Noridian’s new program comes in the wake of several previously released CMS transmittals regarding the denial of related claims. Though later rescinded, CMS originally introduced a policy which broadly allowed MACs to deny related claims when issuing an adverse determination of an original claim. After receiving feedback from the provider community regarding concerns about the policy, CMS narrowed the scope of “related claims” power to only Part B surgery claims via Transmittal 541. Transmittal 541 allowed for such Part B surgeon services to be recouped following a denial of a Part A inpatient surgical claim as not reasonable and necessary. However, since the issuing of Transmittal 541, MACs have only very rarely invoked their discretion to deny such Part B surgical claims on Transmittal 541 grounds. Noridian’s new Cross Recovery policy may change this trend, and it is yet to be seen whether other MACs will take the opportunity to expand their own related claim denials.
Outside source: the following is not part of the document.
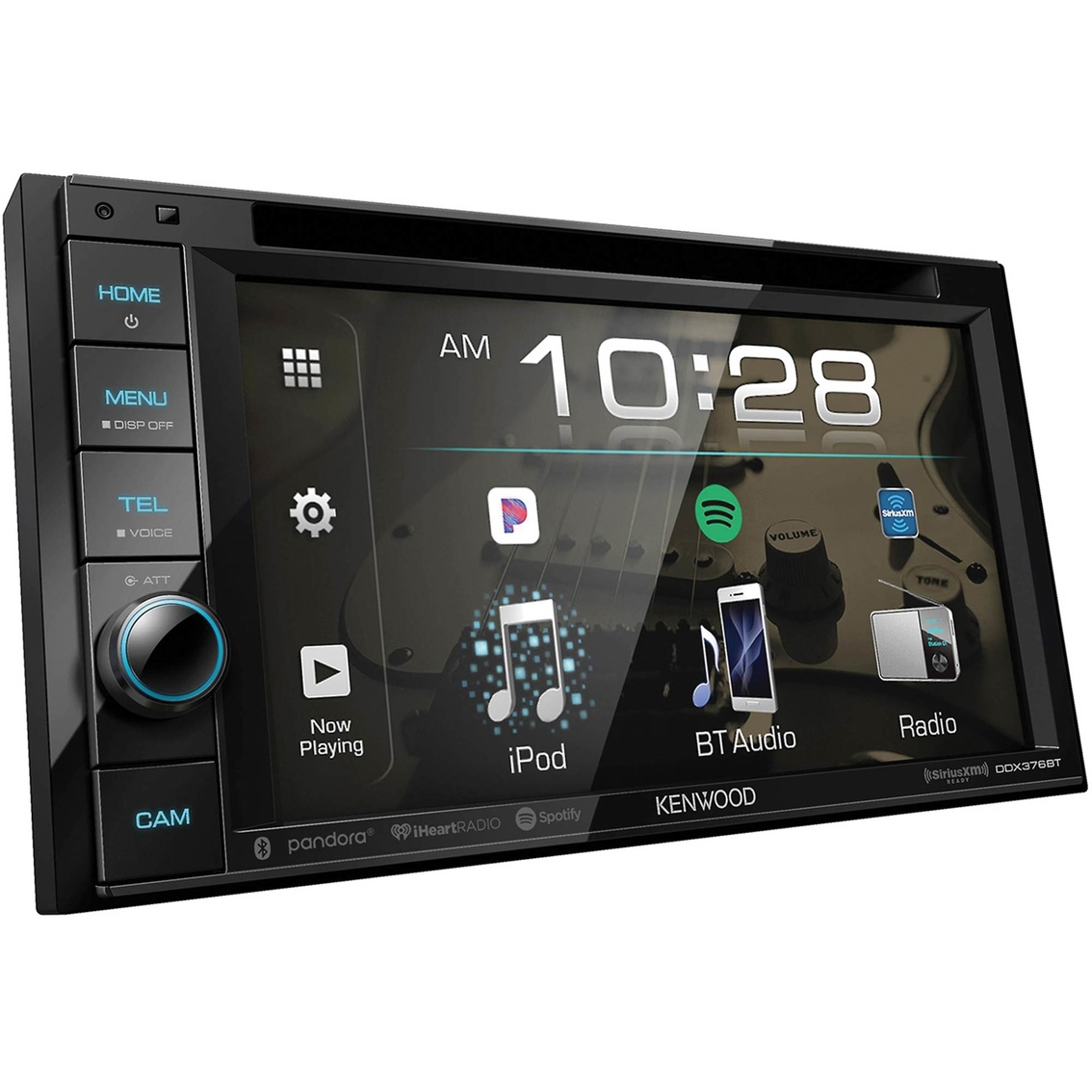 Kenwood DDX376BT 6.2 in. Double DIN In Dash Receiver Bluetooth and SiriusXM Ready - Image 2 of 7
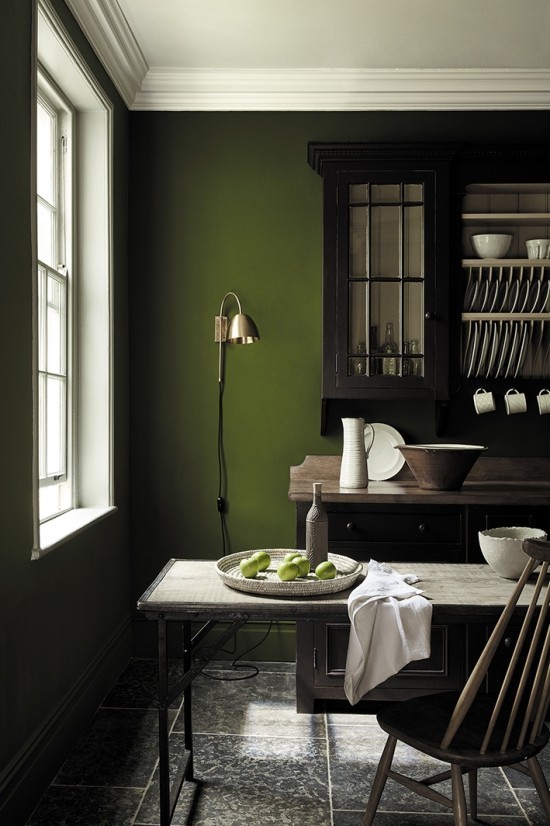 Ist die Wandfarbe Dunkelgrün richtig für Sie Design-Tipps und Ideen esszimmer dunkel größe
Noridian’s statement (as linked above) was very brief, but significant. The statement cites section 3.2.3(A.) of CMS’ Internet Only Manual 100-008 Chapter 3, which states in relevant part that “MAC[s] and ZPIC[s] have the discretion to deny other “related” claims submitted before or after the claim in question, subject to CMS approval [.]” Noridian announced that it has received such CMS approval to “Cross Recover” professional claims related to denied institutional facet injection services (CPT codes: 64493— 64495; 64635—64636).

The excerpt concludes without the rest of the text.